I am having a lot of fun with my new girls! Gracey, the younger of the two, has been driving VERY well....she's a little spitfire...or can be, but put her in front of a cart and she knows her job! She doesn't care about being separated from Kochia, but Gracey has lived the 6 years of her life as a lone donkey, with a goat for a companion. Brief history on Kochia, the 14 year old, she came off a breeding farm a year ago last month. So of course she was around lots of other donkeys! She was a brood jennet there. She was sold with her last foal a year ago last month...... This spring she was sold again, with her yearling foal, and months later they were put up for sale. The little jack went first, and left her on her own for a month or so (she had mini horses, but no donkeys.) Now she's here. All of that in one year. I'm sure she's afraid she'll lose the buddy she's gotten attached to here. When I take Gracey out to drive, Kochia doesn't bray, but paces hysterically, rears, gets herself quite worked up. Sure, great excuse to get another donkey...and some day I will, but now two is the limit. I have thought about having her bred yet this year....then next year about this time she'll have a foal if all goes well...and there's my third! I feel bad for her, and it doesn't matter who is brought out...Kochia is the same way if I take her out and leave Gracey in. What should I do? I know they like to be around their own kind, but I also would like to drive Gracey. Kochia is not left alone when Gracey comes out, she is in with my miniature horse as well. In horses, I would surely consider this not acceptable and work on it. Separating for longer times to get them comfortable with being able to be taken from their buddies. But I am thinking donkeys are different first of all, and secondly, I probably need to have some compassion for what she has been through in the past year. She lost a buddy, now has one, and doesn't want to lose this one either. But, I want her to be ok with being separated for a little while here and there. Am I asking too much? Should I work on this, or just give her time?

Angie


----------



## MeadowRidge Farm (Aug 3, 2007)

She has been thru alot, I would give her time to adjust, plus work on it in the process. Can you take each other away ..if only for a little walk , and back, like for a few minutes, or can you take one and put her on the opposite side of the fence for a little bit? (so they are within sight and calling) Eventually work up to a longer period of time, and further away. She will accept the fact eventually that everything is Ok, and her pal will return to her. Corinne


----------



## VerticallyChallenged (Aug 3, 2007)

Thanks,

I feel bad for her...she has gone through a lot.... I was her 4th home in a year the day I bought her....

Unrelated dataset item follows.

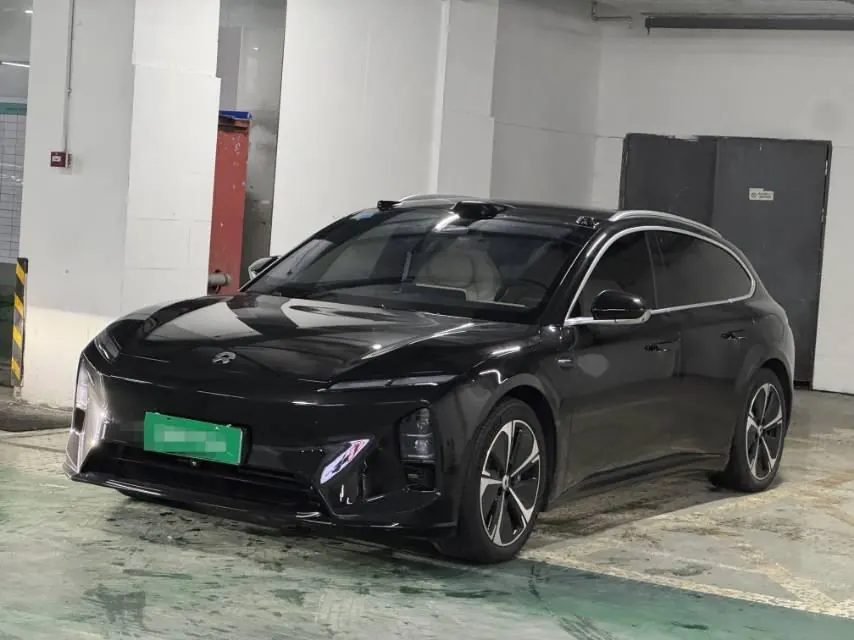 NIO 2025 ET5T 75kWh Touring automatic - View 1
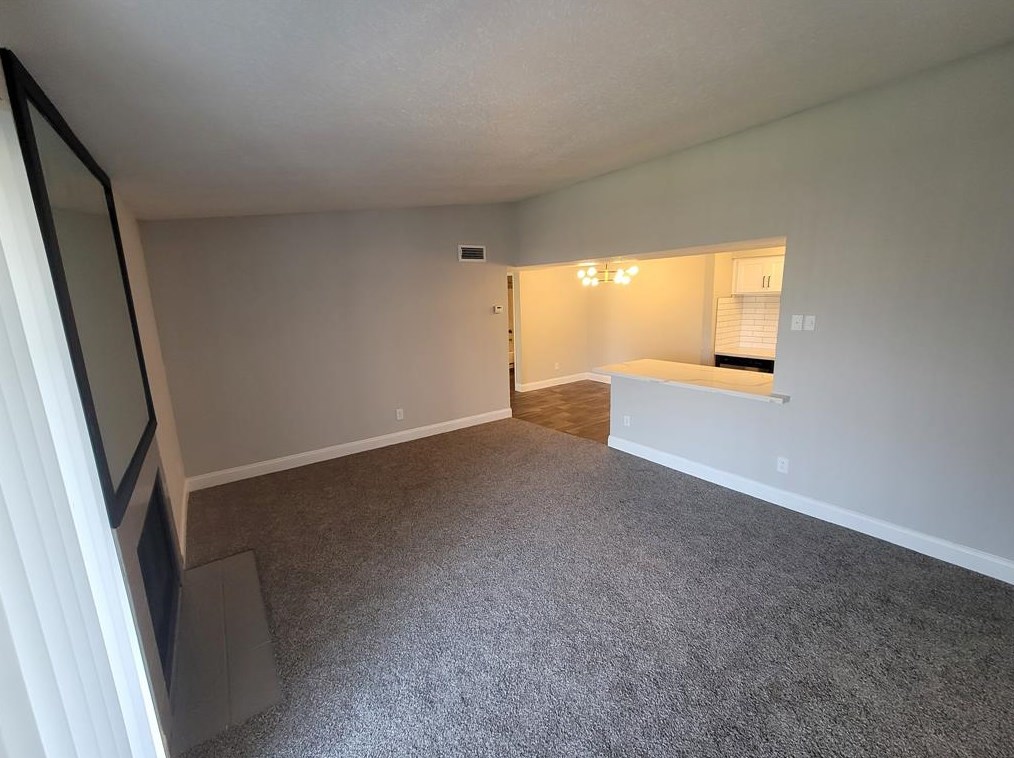 2701 W Bellfort Ave #702, Houston, TX 77054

I wasn't sure if I should just let it be, or like you said, gradually work on it... neither of these girls are going anywhere.... of course I can't just tell her that! =)

Thanks for the input!

Angie


----------



## Lexie (Aug 3, 2007)

I had the exact same problem, but with my Thoroughbred. Remi didn't have the easiest life before I got him, race horse, failed polo pony, another owner, me. He was incredibly heard bound, in fact I remember one incident where I was lead him to me lesson (alone, all the other horses where in the barn) and he just lost it. I handed him to my Mom and ran to get his buddy. Thankfully my trainer was there and took him from my Mom and did Parelli with him. She told me it was a good thing we were working on Parelli because with his current mindset (not liking to be alone) he was almost dangerous. For the next year I never had him alone. Finally a few moths ago, back in April, I decided that there had to be a better way. I just started riding him alone and taking him on walks. At first we did small stuff like ride in the ring by our selves and progressed up to riding alone on the trails. I found most of Remi's want to be with his buddies came from his lack of confidence. Thus me taking on the leadership role and showing him that it really was ok to be alone he got better. I have now taken him to shows be himself and he behaved beautifully.

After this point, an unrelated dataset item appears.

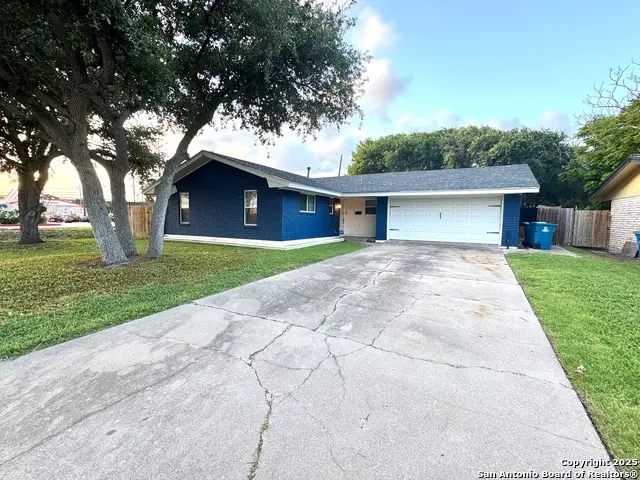 101 Ghent Pl, Portland, TX 78374 - Image #2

However, taking his buddies away from him is another challenge. He goes out with two other horses. At the moment if one leaves he is ok. If both leave I have to stand with him; he is not happy about it, but he is still ok. If no one is with him, even though there are two other horses in the paddock across from his, he becomes very upset. So, this problem I have not yet solved although I am hoping that as he continues to gain more confidence he will eventually be ok alone in his paddock. It may be that Remi never fully overcomes this "phobia", if you will, but I hope so.

Now, I think Remi's case is rather extreme. I don't know much about donkeys, but that is what worked for me. I agree with what MeadowRidge Farm wrote. Also, she once lived alone I think she will be easier to show her that she is ok alone.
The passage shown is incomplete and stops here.